▶ _What is needed_
Print out all of the records exactly; no picture belongs in the result.

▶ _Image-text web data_

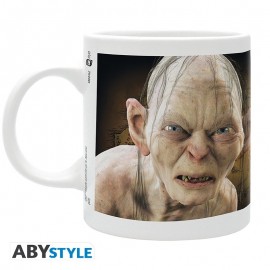 Lord of the Rings - Mug Gollum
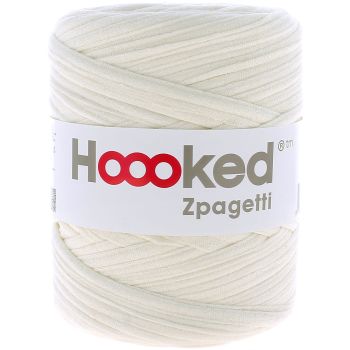 Zpagetti Cotton Yarn Shining Moon
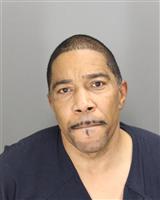 CHARLIE JAMES BENSON Mugshot / Oakland County MI Arrests / Oakland County Michigan Arrests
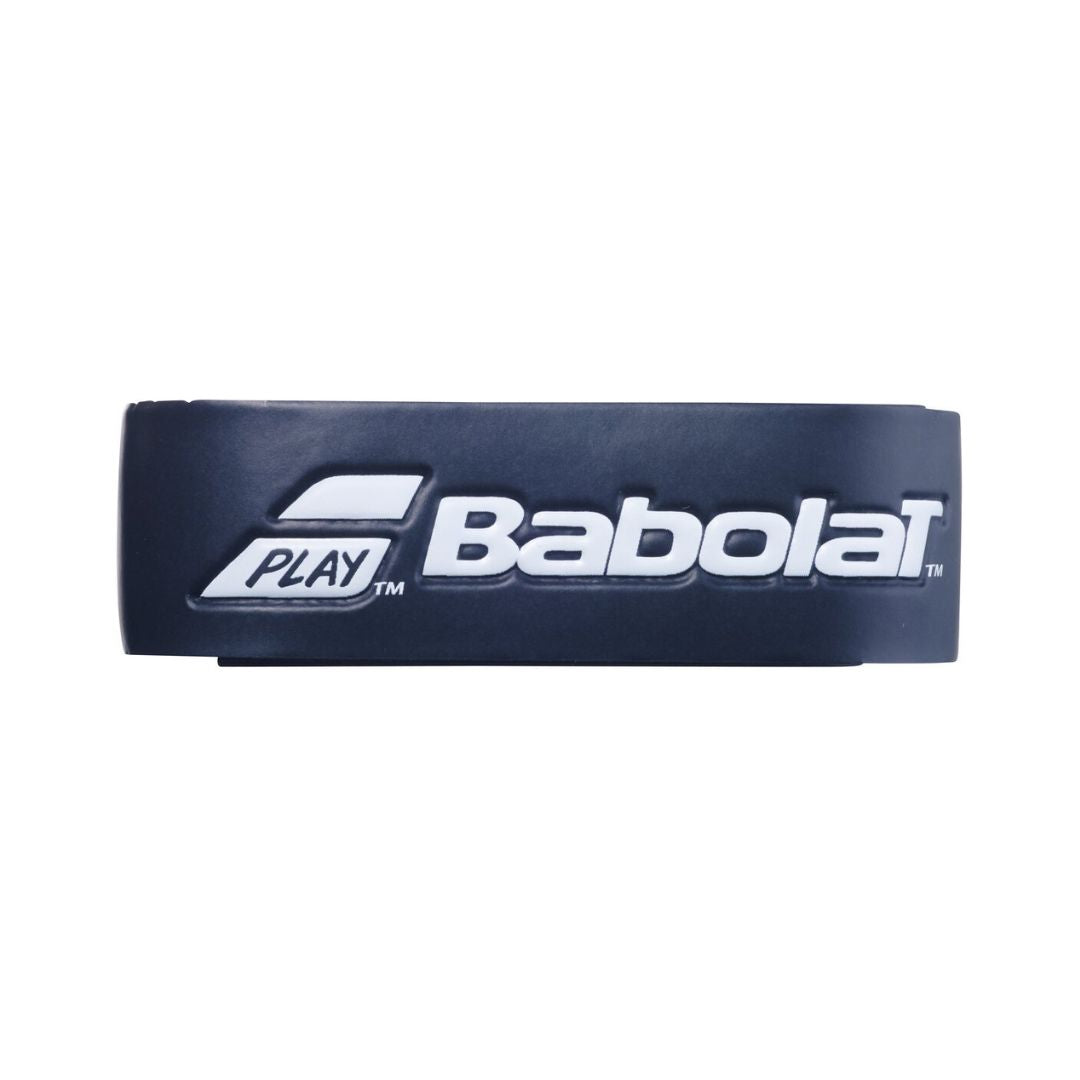 Babolat Syntec Pro Grip (1 stk., Sort) padellife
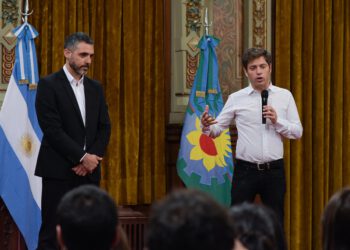 NUEVOS BENEFICIOS DE ARBA PARA TEATROS, CINES, BARES, RESTAURANTES, GIMNASIOS Y OTROS RUBROS AFECTADOS POR LA PANDEMIA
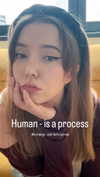 vive.la.lucy Altpins Profile Picture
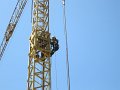 Absturzsicherung 20.05.2012 (69)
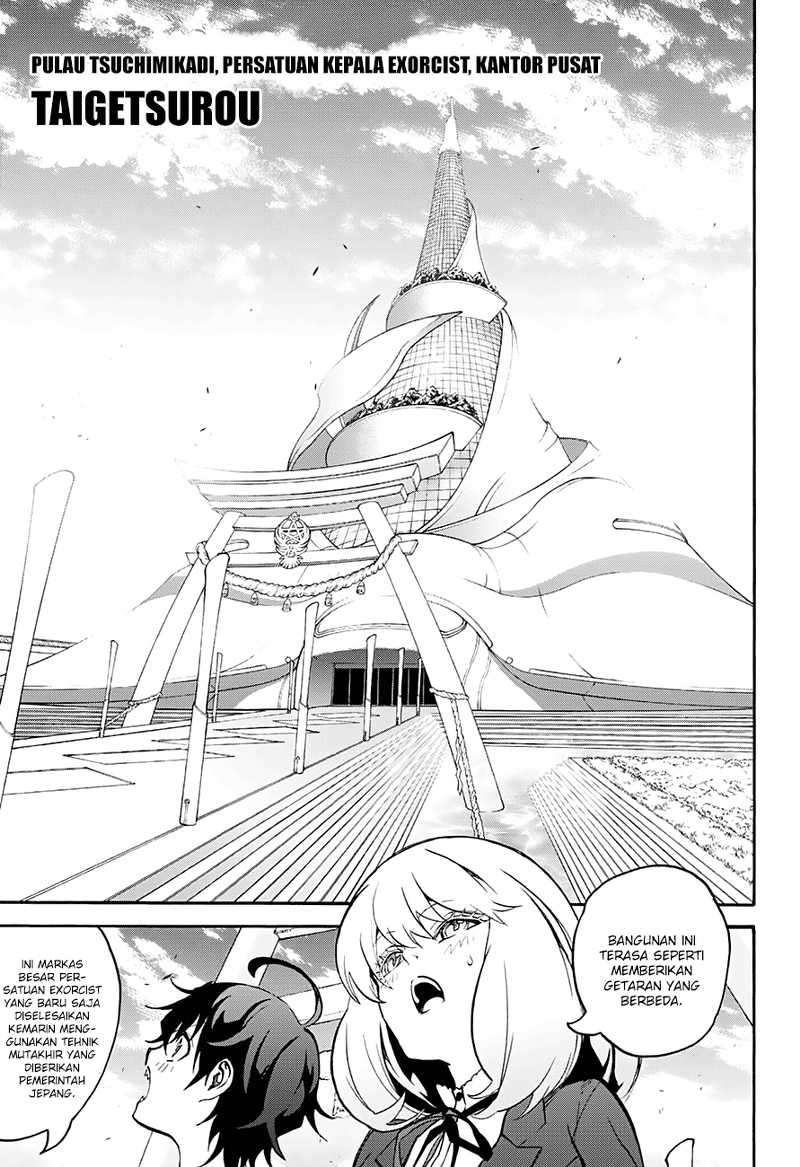 Chapter 34 - halaman 26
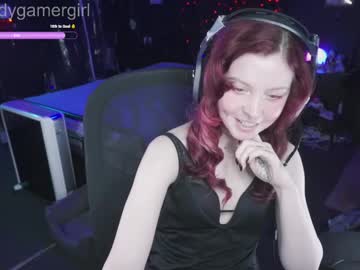 girl
        needygamergirl cam image #6129513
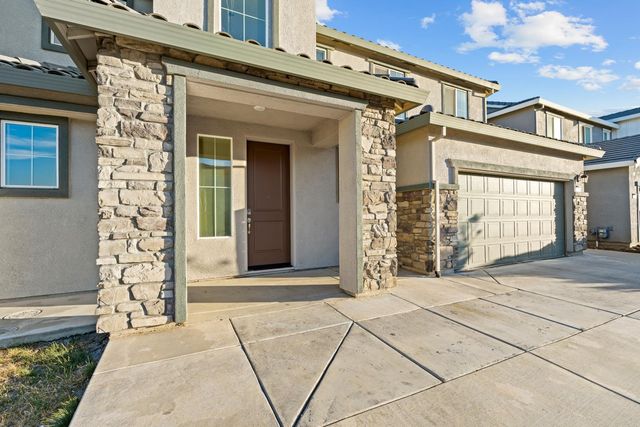 2302 Raphael Way, Lodi, CA 95242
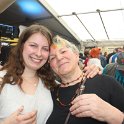IMG_5223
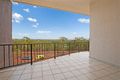 Property photo of 10/31 Mannikan Court Bakewell NT 0832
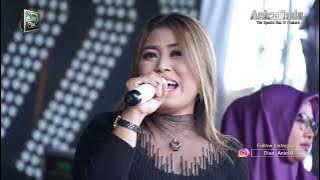 PAKU KARAT - INDRI FAHRIZA - ANICA NADA SIANG 24 JULI 2022 DESA JAYAMULYA KROYA INDRAMAYU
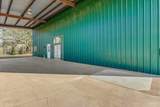 4664 Kolb Rd - Photo 32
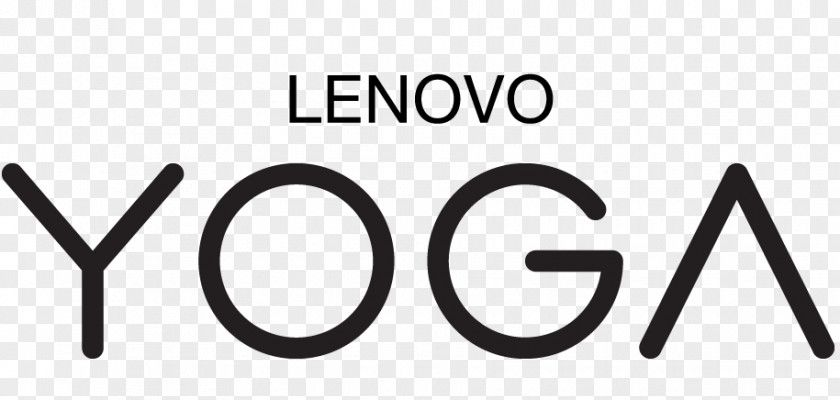 Laptop ThinkPad Yoga X1 Carbon Intel Lenovo PNG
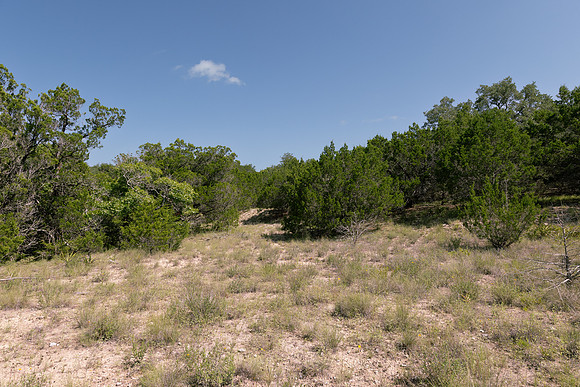 525RockTrailPl-250710-1058-28791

▶ _The answer_
 Lord of the Rings - Mug Gollum
 Zpagetti Cotton Yarn Shining Moon
 CHARLIE JAMES BENSON Mugshot / Oakland County MI Arrests / Oakland County Michigan Arrests
 Babolat Syntec Pro Grip (1 stk., Sort) padellife
 NUEVOS BENEFICIOS DE ARBA PARA TEATROS, CINES, BARES, RESTAURANTES, GIMNASIOS Y OTROS RUBROS AFECTADOS POR LA PANDEMIA
 vive.la.lucy Altpins Profile Picture
 Absturzsicherung 20.05.2012 (69)
 Chapter 34 - halaman 26
 girl
        needygamergirl cam image #6129513
 2302 Raphael Way, Lodi, CA 95242
IMG_5223
 Property photo of 10/31 Mannikan Court Bakewell NT 0832
 PAKU KARAT - INDRI FAHRIZA - ANICA NADA SIANG 24 JULI 2022 DESA JAYAMULYA KROYA INDRAMAYU
 4664 Kolb Rd - Photo 32
 Laptop ThinkPad Yoga X1 Carbon Intel Lenovo PNG
 525RockTrailPl-250710-1058-28791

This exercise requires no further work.